Partiamo invece da un grande piano di investimenti sulla sicurezza del territorio, sulla sua manutenzione, con interventi grandi e piccoli, così da garantire occupazione e competitività del tessuto imprenditoriale. Acceleriamo gli investimenti sulle reti tecnologiche, incentiviamo ancora l’efficientamento energetico del patrimonio edilizio pubblico e privato, acceleriamo sulla mobilità sostenibile. Si usi la partita del rinnovo delle grandi concessioni idroelettriche non solo per garantirsi risorse ma anche per confermare e d’implementare un modello virtuoso di gestione della risorsa idrica che veda il bilanciamento tra valori ambientali, sociali, di sicurezza ed economici: si investa su un Green New Deal trentino, avendo il coraggio di innovare politiche ambientali ed economiche che rischiano ormai di essere obsolete.
Proprio per ripartire dal territorio e per raccordare la spesa pubblica alle politiche di contrasto al cambiamento climatico, provo a suggerire delle priorità che permetterebbero di saldare virtuosamente politiche per il lavoro e politiche sociali.
La nostra Provincia ha anticipato sia con il Progettone che con l'Assegno unico le politiche che oggi ovunque vengono indicate come necessarie. Abbiamo la possibilità di ripartire da questi due strumenti per allargarli e reinventarli affinchè ci si possa raccordare con le politiche nazionali e offrire cittadinanza e non solo protezione sociale. Tanti, probabilmente troppi, si ritroveranno senza lavoro a partire dalla compromissione delle prossime stagioni turistiche e dalla crisi internazionale. Si tratta allora non solo di offrire copertura di reddito per tutti, ma anche possibilità di lavoro che offrano un doppio vantaggio: riconoscimento sociale e beneficio per il territorio.

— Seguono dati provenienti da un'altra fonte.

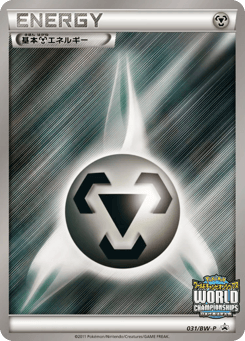 Metal Energy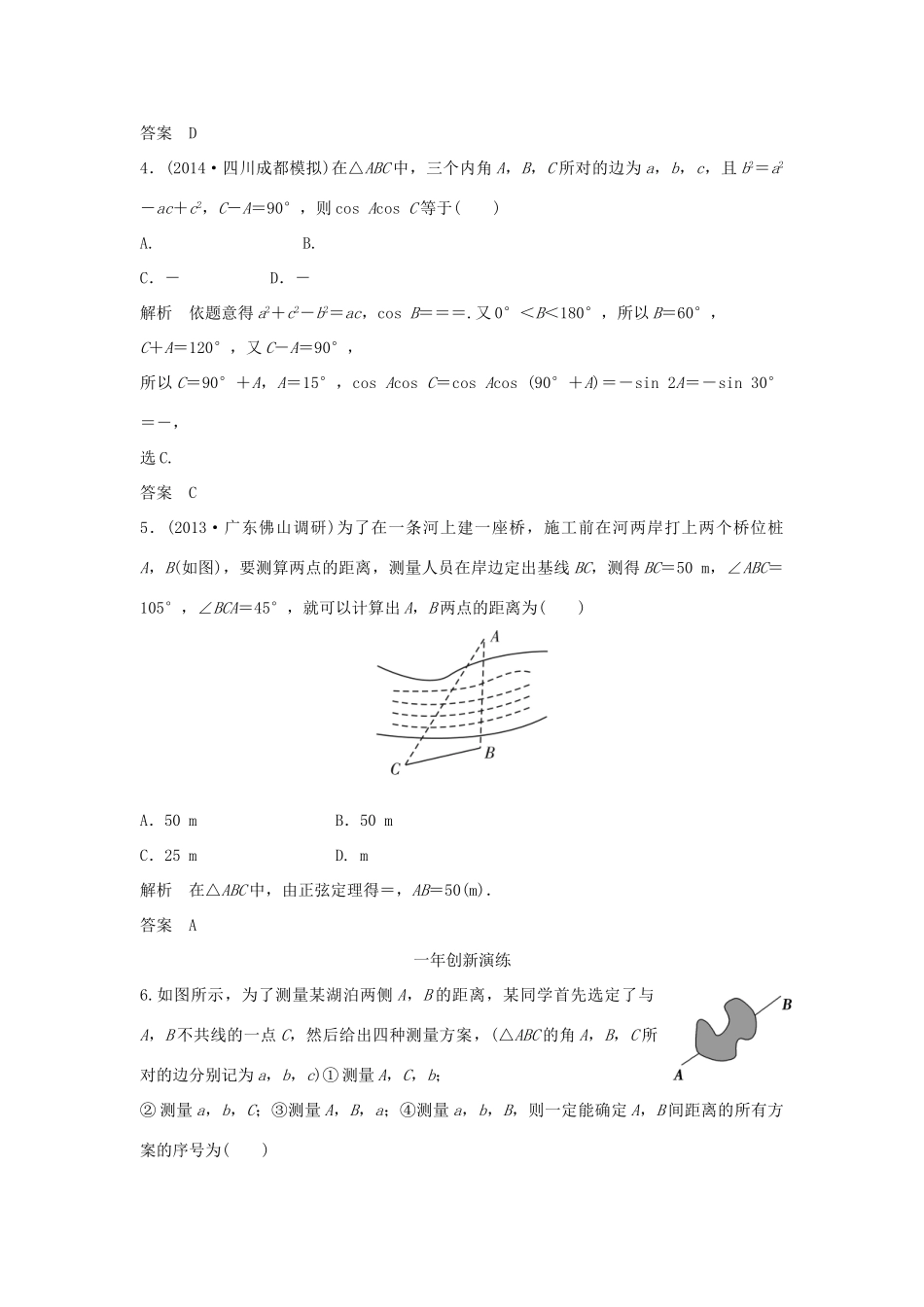 （三年模拟一年创新）高考数学复习 第四章 第四节 解三角形 文（全国通用）试题_第2页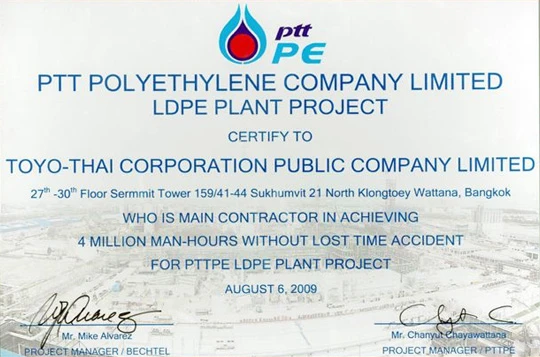 LDPE PROJECT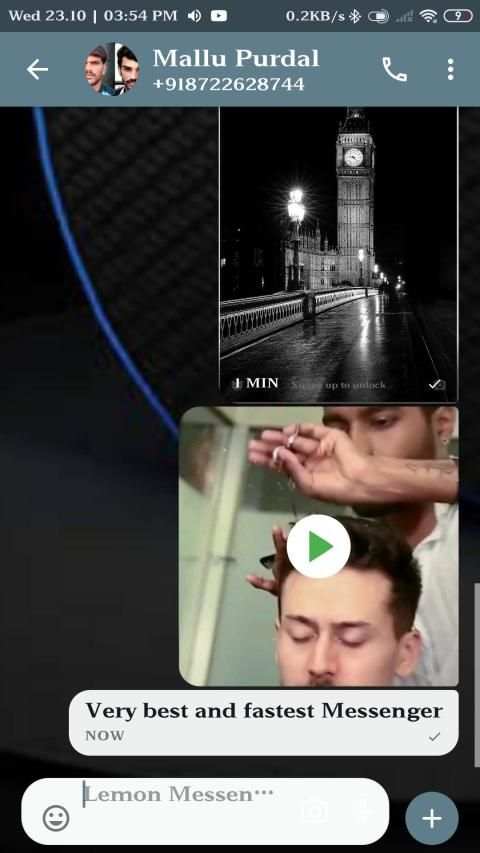 Lemon Messenger screenshot 1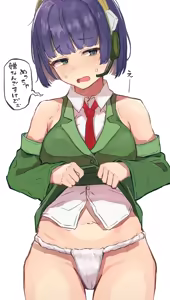 Page 1329 of （タル） - preview thumbnail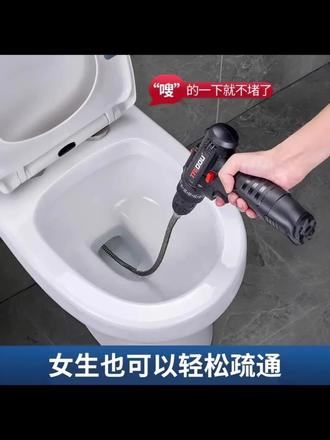 家用电动下水道管道疏通神器卫生间清理工具通厕通管弹簧冰箱#疏通器 #家用电动疏通器 #疏通下水道 #疏通马桶 #疏通器推荐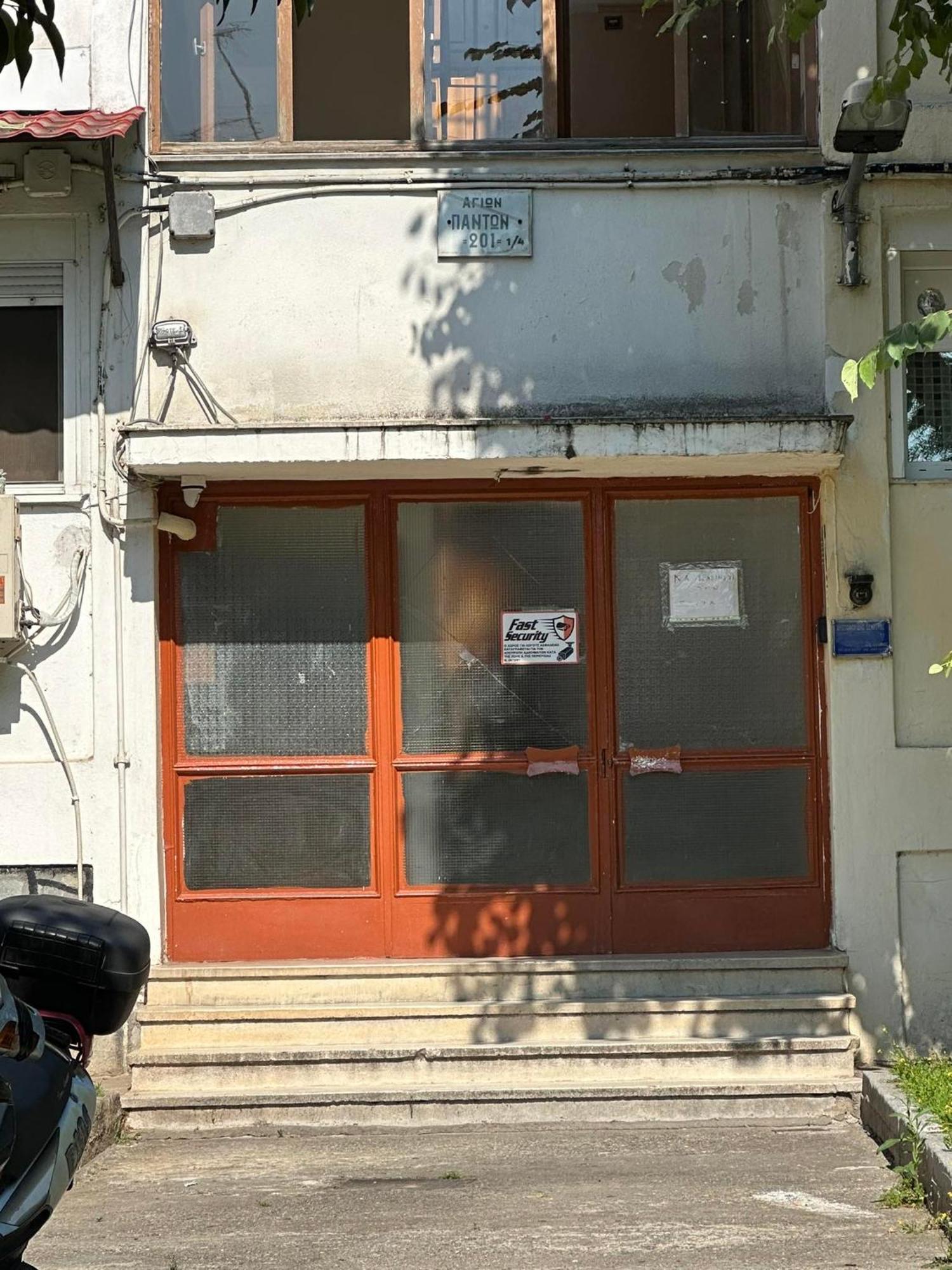 Matovic Apartment *
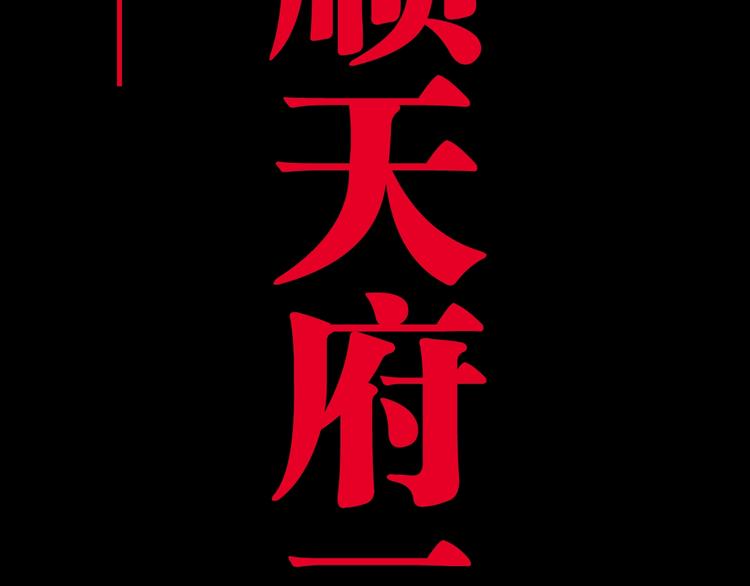 谷围南亭男主漫画,番外 谷围相声社开张1图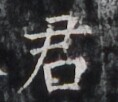 https://image.kanji.zinbun.kyoto-u.ac.jp/images/iiif/zinbun/takuhon/kaisei/H1005.tif/4415,5552,118,102/full/0/default.jpg
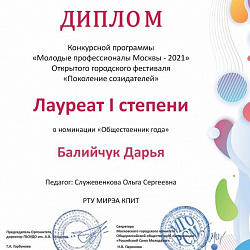 Студенты Колледжа РТУ МИРЭА успешно выступили на конкурсе «Молодые профессионалы – 2021»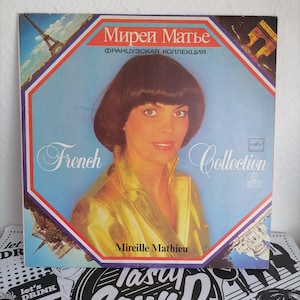 Mireille Mathieu French Collection Vinyl record USSR /Chanson France French pop 80/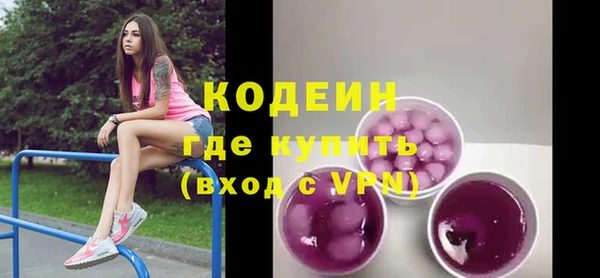 героин Белокуриха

Imprese e cooperative sociali potrebbero essere finanziate in ragione della manodopera impiegata, della formazione assicurata, del reinserimento sociale, individuando gli obiettivi e verificandone il raggiungimento. Non basta il reddito anche se è la priorità per molte famiglie. Ci vuole un lavoro socialmente utile e produttivo che dia protezione sociale e diritto di cittadinanza.
Si investa sulla ricerca e l’innovazione, sull’Università e la scuola. Il tutto con due grandi obiettivi di lungo periodo: frenare gli effetti dei cambiamenti climatici e ridurre le disuguaglianze sociali, per altro drammaticamente esplose in questa emergenza che ha reso i più deboli ancora più fragili e marginalizzati. Ancora, si usi l’esperienza di queste settimane per avviare finalmente un massiccio, viscerale, capillare processo di semplificazione amministrativa, che valorizzi i legami di fiducia tra pubblico e privato e privilegi la responsabilizzazione e la valutazione rispetto al controllo e all’adempimento formale, e per rinnovare e rigenerare le competenze della Pubblica Amministrazione.
In questo scenario, i soggetti pubblici possono giocare un ruolo strategico e determinate, e questo vale anche per il Trentino, dove – ne sono certo – la Provincia e i suoi enti strumentali hanno tutte le carte in regola per governare questo complesso frangente, rinnovando il patto con la comunità e immaginando – in modo trasparente e partecipativo - una nuova stagione per la nostra Autonomia in cui il Trentino torni a farsi laboratorio e incubatore di buone pratiche. Possiamo trasformare questa prova gigantesca in uno stimolo collettivo per la ripartenza ma dobbiamo tenere lo sguardo alto e comprendere che da questa situazione o ne usciamo tutti assieme o non ne usciamo proprio.